Zabłocie piknikuje w obronie parku

Park Dekerta 15 fot. Krzysztof Kalinowski/LoveKraków.pl

Mieszkańcy i aktywiści nie ustają w staraniach o utrzymanie nieformalnego parku przy ul. Dekerta na Zabłociu. Tym razem orężem nie będą petycje, a piknik.

Przypomnijmy, park przy Dekerta 15 powstał z inicjatywy pracowników pobliskich biurowców. W jego urządzaniu pomagali mieszkańcy. Ustawili w nim ławki i stoliki. Palety, pufy ze zużytych opon i budkę do wymiany książek. Znaleźli też wsparcie ze strony Zarządu Zieleni Miejskiej, który przekazał nasiona do posadzenia łąki kwietnej.

Zieleń na sprzedaż, zieleń pod zabudowę

Inicjatorzy wielokrotnie wnioskowali do miasta o utworzenie w tym miejscu oficjalnego parku, zwracając uwagę na znikomą ilość zieleni na zabudowywanym w szybkim tempie Zabłociu. Bezskutecznie. Co więcej, magistrat zadecydował, że pozbędzie się terenu, który w miejscowym planie zagospodarowania przestrzennego przeznaczony jest pod zabudowę.
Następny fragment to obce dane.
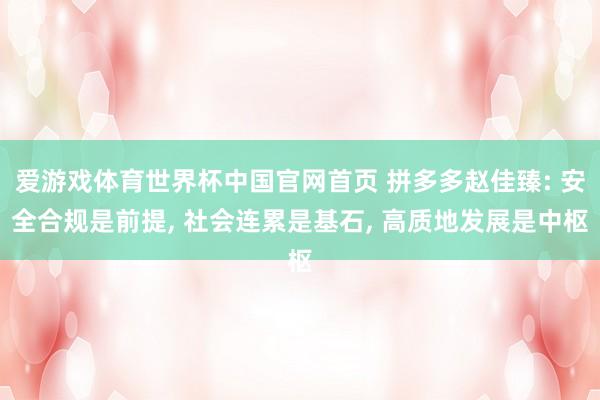 爱游戏体育世界杯中国官网首页 拼多多赵佳臻: 安全合规是前提, 社会连累是基石, 高质地发展是中枢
Petycje, interpelacje i… piknik

Aktywiści skierowali do prezydenta miasta petycję, w której zwracali się o zmianę planów miasta. W tej sprawie interpelację złożył również radny, Aleksander Miszalski, który zwrócił się do prezydenta z prośbą o zaniechanie sprzedaży, a gdyby to było niemożliwe o zastrzeżenie w umowie z nabywcą utworzenia w tym miejscu ogólnodostępnego zieleńca, podając za przykład podobne rozwiązanie w Bytomiu.

W odpowiedzi na petycję, magistrat poinformował, że sprawa sprzedaży zostanie ponownie przenalizowana, zaznaczył jednak, ze miasto musi racjonalnie gospodarować swoimi zasobami, co, wydaje się, przesądza o losie parku.
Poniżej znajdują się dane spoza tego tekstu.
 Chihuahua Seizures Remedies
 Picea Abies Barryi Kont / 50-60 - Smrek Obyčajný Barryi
Dlatego też mieszkańcy, przedstawiciele Fundacji Czas Wolny postanowili zastosować inną formę nacisku na władze. We wtorek, 10 lipca zorganizują piknik, podczas którego pomalują na kolorowo schody prowadzące do parku i okalający go mur, dokończą zabiegi pielęgnacyjne zieleni i prace nad nowymi meblami zgodnie z duchem upcyclingu. – Chcemy pokazać miastu, że ciągle organizujemy w tym miejscu różne wydarzenia. Miesiąc temu zrobiliśmy wielkie sprzątanie, teraz dokończymy robienie puf. Urzędnicy muszą zobaczyć, że to nie tylko wymysł paru osób z fundacji, ale też realne działania, w które włączają się sami mieszkańcy, dla których ten skwer stał się ważny. Już teraz codziennie przychodzą sąsiadki – pielą, podlewają kwiaty – mówi Joanna Wendorff, prezeska Fundacji Czas Wolny.

Jak na razie działka, na której zlokalizowany jest park, nie została wystawiona na sprzedaż. Pojawiła się jednak szansa, że działka mogłaby pozostać w zasobach miejskich. Podczas ostatniej sesji rady miasta radni zadecydowali o rezygnacji ze sprzedaży działek przy ulicy Wita Stwosza, na których mieszkańcy chcieli utworzenia parku kieszonkowego. Udało się to zrobić nawet po ogłoszeniu przetargu i wbrew negatywnej opinii prezydenta.